Whether it is ideal or not is another matter; one I believe is highly dependent on context. One context where dynamic typing does remain highly useful are applications (such as Wikipedia) where one has to interact with lots of objects (of unknown type) from external agents (often times users, some of them hostile), and/or with other systems over type-lossy interfaces (such as SQL).

But anyway, I like static typing just as much. :) Pity too many languages (by virtue of cleanly supporting only on or the other) tend to make us choose one way or the other up front.

WRT the quality of the articles on Wikipedia: Some of 'em are good, some of 'em are bad; and controversial topics due get bogged down in edit wars as different factions want their side presented as The Trvth. However--if you see an article which a) discusses a topic you are an expert on; and b) is manifestly incorrect, don't just sit there and complain. It's a wiki! Fix the damn article! Click on the "edit this page" tab on the top of the article, and correct the errors! You don't need an account (though if you plan to become a regular editor it's easy to get one), and nobody will ban you or make your life miserable if you make a mistake (all prior revisions are kept of everything, so it's impossible for non-administrators to permanently destroy anything). Wikipedia DEPENDS on contributions from experts to be a comprehensive encyclopedia. It's rather fun, actually.

Enough ranting for today.

fixing wikipedia

I did put a fix in for the article I cited, even though a) I'm not an expert on the topic, b) there are still problems with the page which I lack the energy or desire to try and repair.

To be serious.

Static typing will always be more efficient from an algorithmic point of view, so defending dynamic typing is a sort of losing proposition.

Though from a practical point of view, I guess there isn't any noticeable difference.

Type System Demystified

There is this article that I wrote for the iProgrammer website that
explores the differences between static and dynamic type systems and explains why it is an important issue that a programmer must master.
Basically it started out as when I was trying to make a transition from a dynamic language background/Perl to the .NET platform and C# and I think that it could assist someone that has a dynamic language background such as Perl and wants to know how dynamic programming works in the .NET platform, or for a C# programmer interested in dynamic programming, or for the programmer that wants to know how type systems work. Link: Type System Demystified

Common misconception

In simple words static typing means tying a variable with a type at compile time

I understand the need to simplify things, but that's simply not true.

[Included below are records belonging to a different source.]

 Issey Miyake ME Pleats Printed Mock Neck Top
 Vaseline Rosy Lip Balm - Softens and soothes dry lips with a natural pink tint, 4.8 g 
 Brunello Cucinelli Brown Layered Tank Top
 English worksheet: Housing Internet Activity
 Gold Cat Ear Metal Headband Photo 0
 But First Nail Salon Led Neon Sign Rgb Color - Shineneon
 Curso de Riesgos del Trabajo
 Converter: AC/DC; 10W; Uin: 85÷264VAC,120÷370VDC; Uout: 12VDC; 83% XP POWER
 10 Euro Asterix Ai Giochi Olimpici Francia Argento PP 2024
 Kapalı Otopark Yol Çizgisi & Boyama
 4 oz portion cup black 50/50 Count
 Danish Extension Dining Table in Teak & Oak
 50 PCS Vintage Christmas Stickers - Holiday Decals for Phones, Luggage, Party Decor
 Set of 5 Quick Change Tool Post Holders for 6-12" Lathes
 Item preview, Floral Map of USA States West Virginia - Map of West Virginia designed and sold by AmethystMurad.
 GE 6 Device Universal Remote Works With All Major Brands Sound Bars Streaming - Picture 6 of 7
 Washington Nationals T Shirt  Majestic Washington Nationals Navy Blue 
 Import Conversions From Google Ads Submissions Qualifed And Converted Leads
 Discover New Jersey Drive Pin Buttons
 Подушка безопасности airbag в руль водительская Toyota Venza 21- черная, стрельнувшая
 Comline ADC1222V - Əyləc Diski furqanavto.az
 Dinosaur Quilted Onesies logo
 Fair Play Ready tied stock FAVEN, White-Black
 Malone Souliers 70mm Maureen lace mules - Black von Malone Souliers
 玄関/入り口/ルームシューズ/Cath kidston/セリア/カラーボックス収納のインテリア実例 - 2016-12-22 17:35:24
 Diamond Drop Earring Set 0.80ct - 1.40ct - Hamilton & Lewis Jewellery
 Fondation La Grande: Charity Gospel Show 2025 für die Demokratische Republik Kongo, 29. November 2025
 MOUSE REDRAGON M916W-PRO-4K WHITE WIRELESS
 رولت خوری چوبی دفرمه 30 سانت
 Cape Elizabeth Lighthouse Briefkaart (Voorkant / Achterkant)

Static typing doesn't require variables (see "point free" programming) and a language can allow the attachment of type-like labels to variables at compile time but be dynamically typed (see Groovy).

I talk about this misconception here:
Groovy Does Not Have Optional Static Typing
.

The most useful compromise...

Even in a dynamically-typed language, you can eliminate most runtime typechecks at the cost of code bloat, by means of fairly straightforward, if time-consuming, inductive analysis. Your language and libraries provide well-behaved functions (in this context meaning functions whose return types are simple pure functions of the argument types) and ill-behaved functions, which in this context means all other functions. Induction can be applied to these sets to determine, in most cases, whether a user-defined function is well-behaved or ill-behaved.

In the presence of fundamentally ill-behaved language and library procedures like Lisp's read and eval, where the return type is NOT a pure function of the argument types, you cannot eliminate all typechecks.

But you can eliminate virtually all typechecks except those corresponding to calls to ill-behaved primitive procedures. And using return specialization, where the function returns to a different point depending on the type of its return value, you can move those typechecks into the ill-behaved procedures themselves.

What you cannot eliminate is typechecks after calls to procedures whose identity (or type) you just don't know at compile time. Fortunately these calls are fairly rare, but in any dynamic language, they exist. If you can't completely analyze the program's behavior, which is tantamount to running it at compile time, you just have to assume that such calls are calls to ill-behaved procedures.

Incompatible with separate compilation

What you cannot eliminate is typechecks after calls to procedures whose identity (or type) you just don't know at compile time. Fortunately these calls are fairly rare

Um. With any sane notion of modularity and separate compilation, calls to procedures not known at compile time are the norm.

That's true.

That's true. Maximizing type inference, like maximizing flow analysis, is a whole-program optimization.

Hmm

Here's a function:


(define (f x)
(+ 1 (car (cdr x))))

This code calls no unknown procedures. How do we eliminate runtime typechecks?

Start by computing what type

Start by computing what type the function argument has to be. Since (+ 1 (car (cdr x))) will result in an error unless its second argument is a number, the expression (car (cdr x)) must have a numeric type.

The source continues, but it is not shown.